I also came to realize over time, especially when I was a therapist, where I really thought about this a lot. And certainly, in the well, now it’s 11 years since I stopped being a therapist, that there are quite a lot of people in life who actually like having other people feeling their feelings for them. That certainly happened to me a lot in my childhood. That was a large part of my relationship with my parents, that my parents projected their feelings unto me, and I was the recipient of their projections. In a way, that was my role in a lot of ways in the family. I felt their sadness, I felt their sorrow, I felt their guilt. That’s a big one. I’ve seen in my life a lot of times people can do really bad things, sometimes even bad things to me, and my reaction is to feel guilty. I felt guilty a lot in my childhood in relation to my parents. When I later studied it, I realized, wait a second, they were violating me. They were guilty, and yet I was feeling it. It’s a very curious thing.
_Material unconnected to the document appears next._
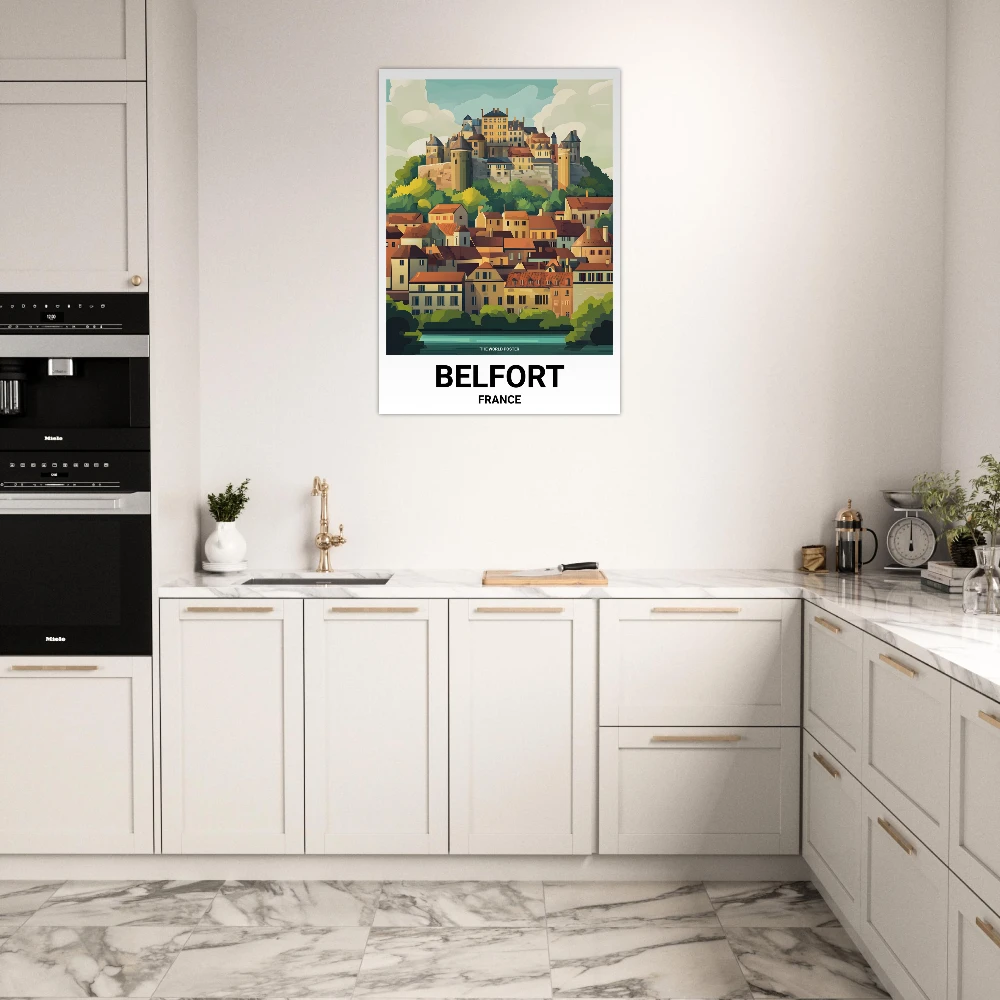 Affiche BELFORT - Image 4 of 6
Later, many years later, I learned that there was even a word for this. It was called projective identification. There is one person who does the projecting. They have their all unconscious split off buried feelings, and they project them onto someone else. The other person becomes a screen, like they become the movie projector, and the other person becomes the screen, the blank screen. And that other person feels the feelings, or maybe doesn’t feel the feelings. Well, I know some people who reject other people’s projections. More and more, I do that. I would say I reject people’s projections. I don’t want to feel that. But sometimes it’s like this is all unconscious, and I’m not good enough or strong enough to reject their projections for all sorts of different reasons. And when I accept their projections and I become the screen and I feel their feelings, I participate in that, and I become the person who experiences the different defense mechanism of projective identification.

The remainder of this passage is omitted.